AVAILABLE RECORDS section start
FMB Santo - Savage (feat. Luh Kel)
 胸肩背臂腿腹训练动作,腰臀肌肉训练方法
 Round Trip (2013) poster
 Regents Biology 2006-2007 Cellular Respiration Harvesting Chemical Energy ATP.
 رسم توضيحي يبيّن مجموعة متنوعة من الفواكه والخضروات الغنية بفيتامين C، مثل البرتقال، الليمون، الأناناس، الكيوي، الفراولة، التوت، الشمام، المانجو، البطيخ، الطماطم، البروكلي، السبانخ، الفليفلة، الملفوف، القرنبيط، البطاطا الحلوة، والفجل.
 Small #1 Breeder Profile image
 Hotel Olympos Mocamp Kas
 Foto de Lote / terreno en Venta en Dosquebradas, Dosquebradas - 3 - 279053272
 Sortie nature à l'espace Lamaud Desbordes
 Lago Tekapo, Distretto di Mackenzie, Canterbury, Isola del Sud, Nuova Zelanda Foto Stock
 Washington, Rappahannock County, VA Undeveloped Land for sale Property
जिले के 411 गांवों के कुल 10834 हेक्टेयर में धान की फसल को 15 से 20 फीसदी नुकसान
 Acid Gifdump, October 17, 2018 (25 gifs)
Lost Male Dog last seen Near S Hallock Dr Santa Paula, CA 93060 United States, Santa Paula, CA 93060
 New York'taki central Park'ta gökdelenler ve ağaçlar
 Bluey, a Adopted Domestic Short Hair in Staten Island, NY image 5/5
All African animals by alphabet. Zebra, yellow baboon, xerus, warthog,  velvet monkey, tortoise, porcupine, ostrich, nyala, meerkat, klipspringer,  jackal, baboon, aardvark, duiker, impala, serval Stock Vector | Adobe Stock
AVAILABLE RECORDS section end
• HOW TO COMPLETE THIS TASK:
Taking the listing above, write all of it out exactly.

• OUTPUT OF THE TASK:
FMB Santo - Savage (feat. Luh Kel)
 胸肩背臂腿腹训练动作,腰臀肌肉训练方法
 Round Trip (2013) poster
 Regents Biology 2006-2007 Cellular Respiration Harvesting Chemical Energy ATP.
 رسم توضيحي يبيّن مجموعة متنوعة من الفواكه والخضروات الغنية بفيتامين C، مثل البرتقال، الليمون، الأناناس، الكيوي، الفراولة، التوت، الشمام، المانجو، البطيخ، الطماطم، البروكلي، السبانخ، الفليفلة، الملفوف، القرنبيط، البطاطا الحلوة، والفجل.
 Small #1 Breeder Profile image
 Hotel Olympos Mocamp Kas
 Foto de Lote / terreno en Venta en Dosquebradas, Dosquebradas - 3 - 279053272
 Sortie nature à l'espace Lamaud Desbordes
 Lago Tekapo, Distretto di Mackenzie, Canterbury, Isola del Sud, Nuova Zelanda Foto Stock
 Washington, Rappahannock County, VA Undeveloped Land for sale Property
जिले के 411 गांवों के कुल 10834 हेक्टेयर में धान की फसल को 15 से 20 फीसदी नुकसान
 Acid Gifdump, October 17, 2018 (25 gifs)
Lost Male Dog last seen Near S Hallock Dr Santa Paula, CA 93060 United States, Santa Paula, CA 93060
 New York'taki central Park'ta gökdelenler ve ağaçlar
 Bluey, a Adopted Domestic Short Hair in Staten Island, NY image 5/5
All African animals by alphabet. Zebra, yellow baboon, xerus, warthog,  velvet monkey, tortoise, porcupine, ostrich, nyala, meerkat, klipspringer,  jackal, baboon, aardvark, duiker, impala, serval Stock Vector | Adobe Stock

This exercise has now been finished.